(What the exercise asks)
An exact copy of all the lines below is required, with every image left out.

(Provided material)

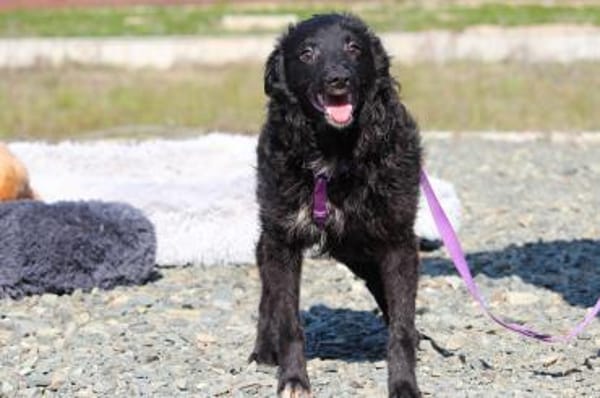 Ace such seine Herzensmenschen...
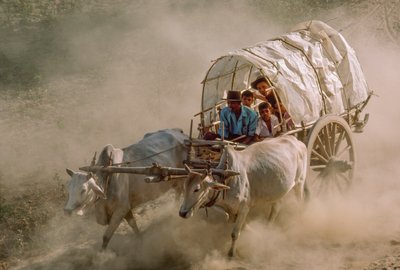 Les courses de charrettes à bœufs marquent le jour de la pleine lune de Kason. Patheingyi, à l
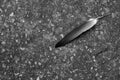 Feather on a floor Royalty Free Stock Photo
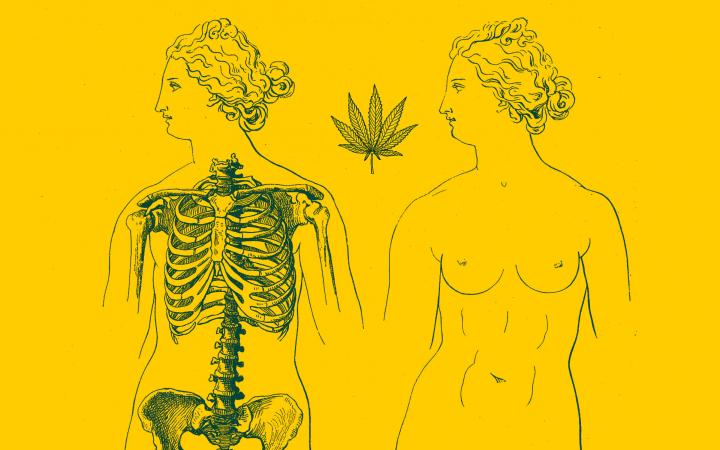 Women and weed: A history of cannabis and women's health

(Answer section)
 Ace such seine Herzensmenschen...
 Les courses de charrettes à bœufs marquent le jour de la pleine lune de Kason. Patheingyi, à l
 Feather on a floor Royalty Free Stock Photo
 Women and weed: A history of cannabis and women's health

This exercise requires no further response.